Below is a summary of what our law firm’s most commonly used Collaborative Participation Agreement includes—and why it matters to you. You will also find the text of our current Collaborative Participation Agreement below (please note that your Collaborative Participation Agreement may vary from the one below).
Who’s on Your Team?
In a Collaborative Divorce, each spouse has their own separate lawyer so that each of you can speak freely and get independent legal advice. These lawyers don’t act as adversaries—instead, they work together to help both of you reach a solution. In your case, one of the attorneys may be Adam B. Cordover, a leader in Florida’s Collaborative Law movement and co-author of the American Bar Association’s book Building a Successful Collaborative Family Law Practice.
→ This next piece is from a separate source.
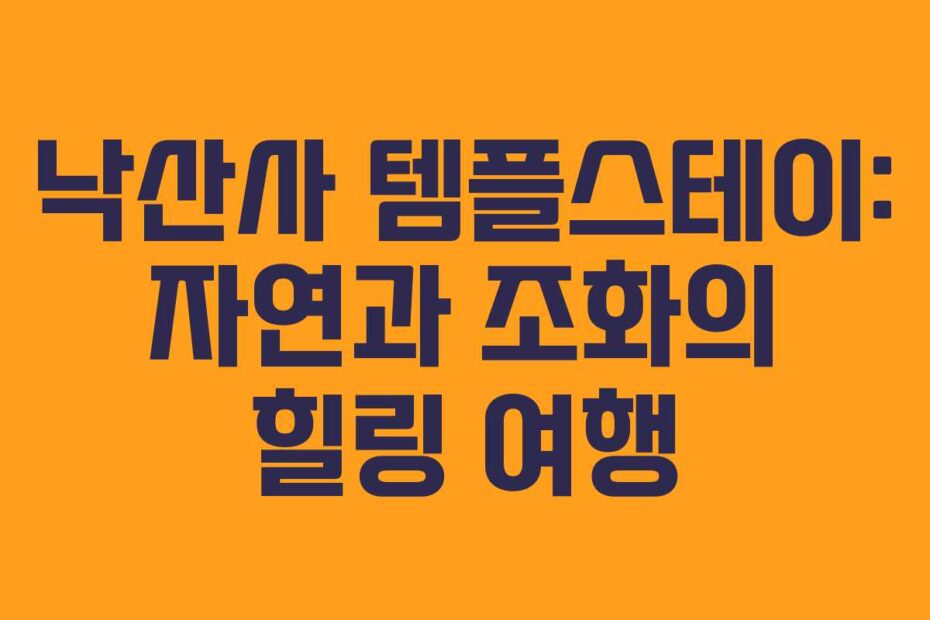 낙산사 템플스테이: 자연과 조화의 힐링 여행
Adam has trained professionals across the U.S. and abroad and brings deep knowledge of complex financial matters.
You’ll also likely have:
- A Neutral Facilitator – A licensed mental health professional who is a communication specialist, team leader to keep discussions progressing (rather than focused on the fights of the past), and expert of childhood development to help craft a parenting plan tailored to your kids’ needs (if there are children).
- A Neutral Financial Professional – A financial expert who helps efficiently gather required documents (known as “mandatory disclosure”), educate both spouses so that each understands what is in the marital bucket before expected to make long-lasting decisions, and build realistic support and property division options that work for your family.
- Collaborative Assistant – A volunteer notetaker. The Collaborative Assistant agrees to the same confidentiality rules as the other professionals. He or she takes notes during meetings so that your professionals can focus in real time on tending to your family’s needs.
Other specialists, like child or business valuation experts, can be brought in if needed.